In contrast, a second study on 9/11 that looked at more than 400 children, aged 12 to 20, and their mothers, found that those who were directly exposed to the attacks — those who witnessed the planes hit the towers, for example — were only slightly more likely to suffer PTSD than children who did not directly experience the trauma, but were significantly more likely to be depressed. Only 4% of these children had PTSD 15 months after the attacks, but 12% were depressed.

Notably, this study, led by child-development researcher Elizabeth Gershoff of the University of Texas at Austin, mirrors the findings of a 2008 study that Chemtob conducted with the same group of children involved in his current paper. In the 2008 study, he also found that children who were directly exposed to the events of 9/11 — seeing dead or injured people, watching people jump out of a building or witnessing a tower collapse — were three times more likely to be depressed or anxious than those who were not directly exposed. "We have tended to say that young kids don't need help, but in fact they are very vulnerable," says Chemtob.

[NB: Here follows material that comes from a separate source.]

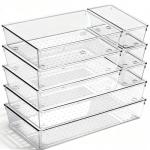 8 Pack Clear Plastic Drawer Organizer Bins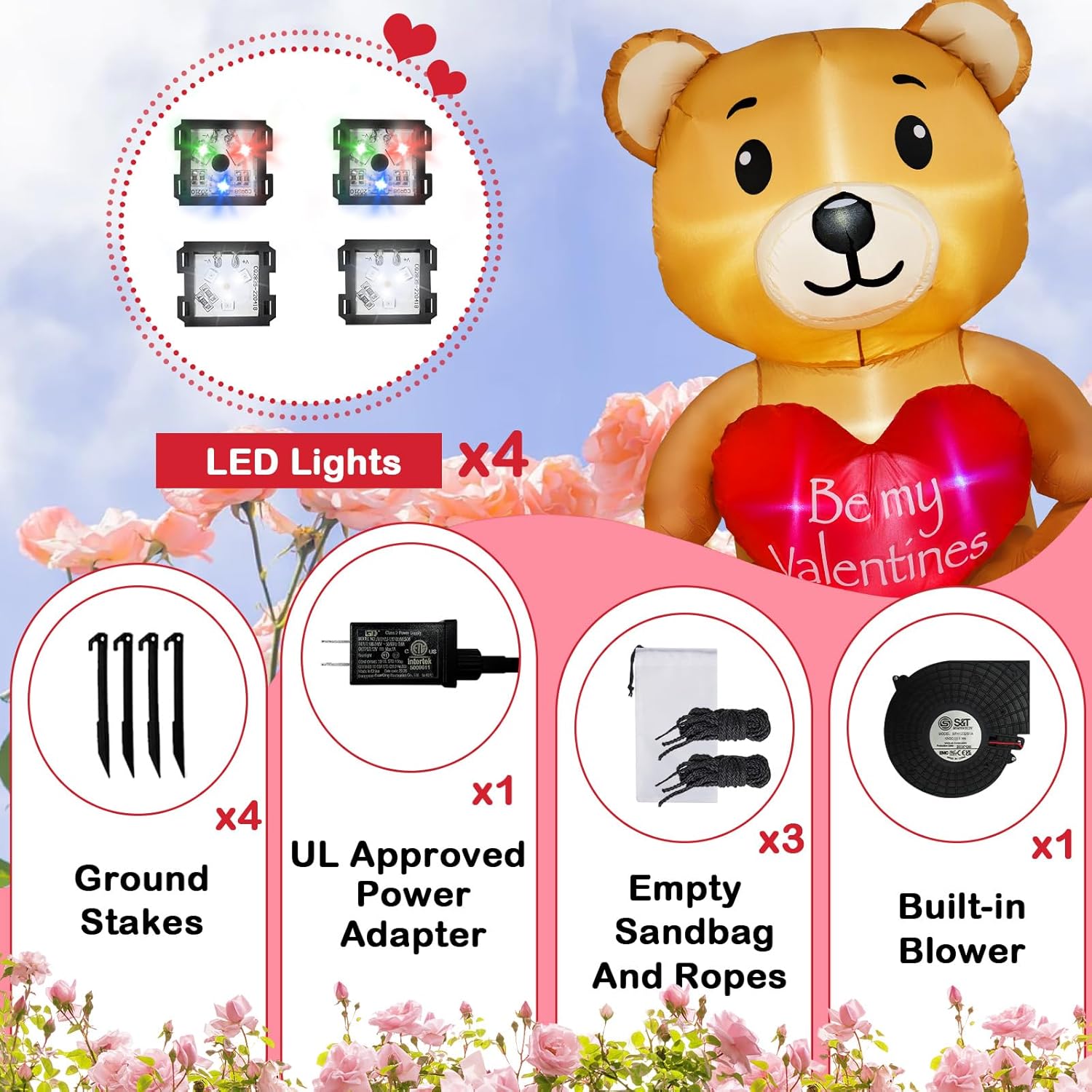 Oso inflable para el día de San Valentín de 4 pies con corazón de amor, decoración del día de San Valentín, luces LED RGB integradas, regalo del día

Chemtob's and Gershoff's conclusions are further supported by two other studies appearing in the current issue of Child Development on the child survivors of Hurricane Katrina. In the first study, a team of researchers from Louisiana State University (LSU) interviewed 387 public schoolchildren in St. Bernard Parish, one of the areas most devastated by Katrina, and found that young children were more profoundly affected than adolescents. Three years after the hurricane, children between the ages of 9 and 11 were four times more likely to show symptoms of PTSD than were teenagers between the ages of 15 and 18.